God knows what people did before Google. If M and I have queries about our current situation, we refer to our search engine of choice. Google – a parenting tool. Who knew? Today M was telling me about the signs that a baby is unwell or dehydrated or both.
“Yes,” he said knowledgeably, “If they are listless or their patternelle is sunken, that’s a bad thing.”
I choked. “Sorry? Their what is sunken?”
“Their…um…patternelle?” He had become cautious in the face of my growing mirth.
“PATTERNELLE? What’s that then? Is that what it’s called because that’s where you pat it? On the patternelle?”
“Shut up! Shut up!” He was pouting. “Stop laughing and just tell me what it’s called.”
I took a deep breath. “Well. That is actually completely accurate. From now on, it will be known everywhere as… the patternelle!”

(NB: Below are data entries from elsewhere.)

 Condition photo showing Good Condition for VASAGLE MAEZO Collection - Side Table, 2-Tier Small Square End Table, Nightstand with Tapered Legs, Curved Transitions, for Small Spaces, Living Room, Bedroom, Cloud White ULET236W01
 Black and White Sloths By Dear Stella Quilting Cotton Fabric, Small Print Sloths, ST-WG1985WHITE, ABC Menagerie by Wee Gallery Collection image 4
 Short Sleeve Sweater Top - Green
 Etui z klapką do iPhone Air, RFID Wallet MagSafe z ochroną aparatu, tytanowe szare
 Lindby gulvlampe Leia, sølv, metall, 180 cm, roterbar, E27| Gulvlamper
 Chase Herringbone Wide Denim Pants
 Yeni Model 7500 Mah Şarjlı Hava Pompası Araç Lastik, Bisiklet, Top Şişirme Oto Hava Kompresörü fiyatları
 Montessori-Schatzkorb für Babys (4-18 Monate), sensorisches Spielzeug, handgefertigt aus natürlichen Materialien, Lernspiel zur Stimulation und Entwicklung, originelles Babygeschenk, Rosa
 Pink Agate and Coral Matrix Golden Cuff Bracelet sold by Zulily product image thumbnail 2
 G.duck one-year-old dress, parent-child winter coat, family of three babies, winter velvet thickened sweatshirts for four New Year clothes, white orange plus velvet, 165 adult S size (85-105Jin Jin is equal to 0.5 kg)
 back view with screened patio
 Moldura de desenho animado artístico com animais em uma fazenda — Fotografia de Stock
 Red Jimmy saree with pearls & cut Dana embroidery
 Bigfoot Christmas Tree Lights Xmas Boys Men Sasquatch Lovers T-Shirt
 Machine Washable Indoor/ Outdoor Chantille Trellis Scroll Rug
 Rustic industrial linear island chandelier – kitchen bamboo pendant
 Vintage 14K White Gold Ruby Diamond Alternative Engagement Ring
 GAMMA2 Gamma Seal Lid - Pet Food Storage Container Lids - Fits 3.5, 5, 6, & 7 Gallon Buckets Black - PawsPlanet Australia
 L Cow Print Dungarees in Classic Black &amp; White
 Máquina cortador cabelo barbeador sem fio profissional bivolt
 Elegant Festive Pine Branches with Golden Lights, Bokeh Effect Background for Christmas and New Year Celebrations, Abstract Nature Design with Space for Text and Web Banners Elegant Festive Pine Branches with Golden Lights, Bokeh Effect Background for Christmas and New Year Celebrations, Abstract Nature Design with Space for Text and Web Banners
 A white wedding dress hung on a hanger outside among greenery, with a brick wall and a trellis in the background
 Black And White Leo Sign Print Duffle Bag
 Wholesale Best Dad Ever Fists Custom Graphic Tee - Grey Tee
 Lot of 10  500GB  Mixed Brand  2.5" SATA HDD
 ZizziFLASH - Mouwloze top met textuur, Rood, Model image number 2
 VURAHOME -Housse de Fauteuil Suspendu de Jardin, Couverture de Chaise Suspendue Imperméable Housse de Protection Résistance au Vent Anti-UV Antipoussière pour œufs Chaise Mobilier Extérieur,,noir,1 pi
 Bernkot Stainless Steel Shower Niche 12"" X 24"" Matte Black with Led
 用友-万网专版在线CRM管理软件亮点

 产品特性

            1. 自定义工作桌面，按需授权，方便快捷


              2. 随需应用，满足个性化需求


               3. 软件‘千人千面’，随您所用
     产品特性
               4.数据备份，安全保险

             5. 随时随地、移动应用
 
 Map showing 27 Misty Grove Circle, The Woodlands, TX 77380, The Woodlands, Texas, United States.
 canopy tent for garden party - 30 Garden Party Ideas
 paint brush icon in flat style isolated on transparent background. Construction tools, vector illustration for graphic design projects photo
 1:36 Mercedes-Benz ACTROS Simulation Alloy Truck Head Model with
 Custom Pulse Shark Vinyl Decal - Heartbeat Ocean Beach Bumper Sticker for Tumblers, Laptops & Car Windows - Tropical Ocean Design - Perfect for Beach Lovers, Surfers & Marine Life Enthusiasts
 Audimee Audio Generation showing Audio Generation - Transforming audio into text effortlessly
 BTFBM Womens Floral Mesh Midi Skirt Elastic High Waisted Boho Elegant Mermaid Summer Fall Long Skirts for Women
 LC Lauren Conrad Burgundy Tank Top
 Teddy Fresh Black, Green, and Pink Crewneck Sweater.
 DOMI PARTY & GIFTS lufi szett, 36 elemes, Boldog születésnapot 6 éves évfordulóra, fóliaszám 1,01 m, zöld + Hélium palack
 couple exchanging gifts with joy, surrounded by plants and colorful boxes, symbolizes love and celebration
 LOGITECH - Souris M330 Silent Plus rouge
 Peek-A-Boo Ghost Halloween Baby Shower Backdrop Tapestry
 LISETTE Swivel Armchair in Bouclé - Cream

“OK. Yeah. Right. So I’m wrong.” A pause. “Is it a dardanelle?”
I fell to the floor and began to roll.
M was amused despite himself. “Yes – that’s it. A dardanelle!”
I was gurgling. “So there on Z’s head is somewhere they fought about in World War I? Her own little dardanelle? I’m happy with that. I will relinquish the patternelle for the dardanelle. I didn’t think you could do better, but I was wrong. So wrong.”
It took me some time to compose myself, and while I pulled myself together, M figured out the word. Fontanelle. FONTANELLE.
I found it all the more hilarious as we had been poking Z’s growing double chin the previous day; calling her Winston Churchill while declaiming ‘we shall fight them on the beaches…’ (which our friend Google now informs me is a misquote anyway). Google, google, google.